Electrical Characteristics of Chitosan-Carrageenan Membrane Implementation and Salt Bridge in Microbial Fuel Cell Using Yeast Fermented Cassava Waste Substrate
DOI:
https://doi.org/10.23960/jemit.v3i3.116Keywords:
cassava waste, electrical characteristics, MFC system, PEMAbstract
A Microbial Fuel Cell (MFC) is an electrochemical system that generates energy utilizing waste as a substrate and the results of microbial metabolism processes.
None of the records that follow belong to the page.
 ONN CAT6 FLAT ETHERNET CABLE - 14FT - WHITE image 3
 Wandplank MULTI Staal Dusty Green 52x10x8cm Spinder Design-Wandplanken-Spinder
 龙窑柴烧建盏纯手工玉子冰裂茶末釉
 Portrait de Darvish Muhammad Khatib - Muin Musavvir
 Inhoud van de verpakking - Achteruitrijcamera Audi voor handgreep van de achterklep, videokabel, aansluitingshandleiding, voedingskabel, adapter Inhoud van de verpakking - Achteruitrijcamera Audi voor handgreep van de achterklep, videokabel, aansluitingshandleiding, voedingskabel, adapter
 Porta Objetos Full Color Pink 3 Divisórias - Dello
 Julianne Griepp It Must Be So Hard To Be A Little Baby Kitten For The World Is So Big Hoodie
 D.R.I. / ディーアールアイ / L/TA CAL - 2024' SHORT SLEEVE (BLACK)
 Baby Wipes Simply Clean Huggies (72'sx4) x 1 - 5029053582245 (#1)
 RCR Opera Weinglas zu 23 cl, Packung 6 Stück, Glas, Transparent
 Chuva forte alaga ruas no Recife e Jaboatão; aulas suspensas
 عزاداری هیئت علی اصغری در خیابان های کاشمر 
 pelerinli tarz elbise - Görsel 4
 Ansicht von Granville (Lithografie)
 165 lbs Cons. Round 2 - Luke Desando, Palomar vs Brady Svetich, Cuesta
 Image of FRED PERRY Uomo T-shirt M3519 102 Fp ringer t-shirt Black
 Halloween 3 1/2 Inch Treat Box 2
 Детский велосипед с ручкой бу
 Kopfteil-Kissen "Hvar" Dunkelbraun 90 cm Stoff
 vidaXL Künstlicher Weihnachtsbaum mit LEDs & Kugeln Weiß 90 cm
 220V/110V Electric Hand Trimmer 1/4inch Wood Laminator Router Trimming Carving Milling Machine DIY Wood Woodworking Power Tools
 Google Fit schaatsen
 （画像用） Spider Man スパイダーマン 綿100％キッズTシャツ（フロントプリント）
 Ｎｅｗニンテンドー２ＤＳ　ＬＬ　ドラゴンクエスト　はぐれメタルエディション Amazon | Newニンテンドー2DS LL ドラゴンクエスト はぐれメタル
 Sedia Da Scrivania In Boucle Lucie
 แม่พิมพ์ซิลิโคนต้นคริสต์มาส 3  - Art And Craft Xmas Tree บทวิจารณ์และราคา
This research utilizes yeast fermented cassava waste as a substrate to determine the electrical characteristics of PEM in the form of a chitosan-carrageenan membrane and salt bridge. The cassava waste is from the waste produced in the manufacture of tapioca flour. A dual-chamber MFC made of acrylic with a size of 8x8x10 cm is used. Cassava waste substrate with carbon electrodes would be in the anode compartment, and seawater electrolyte with Cu(Ag) fiber electrodes would be in the cathode compartment. Each measurement holds ±250 ml in each compartment. The MFC system consists of 10 cells and is analyzed every hour for 120 hours using a multitester. According to the results of the research, cassava waste (liquid and onggok) can be used as a substrate in the MFC system, which has the potential to produce alternative electrical energy. Compared to salt bridges, the use of PEM in the form of chitosan-carrageenan membranes produces more significant and better electrical characteristics. However, the chitosan-carrageenan membrane is still less suitable in the long term than the salt bridge.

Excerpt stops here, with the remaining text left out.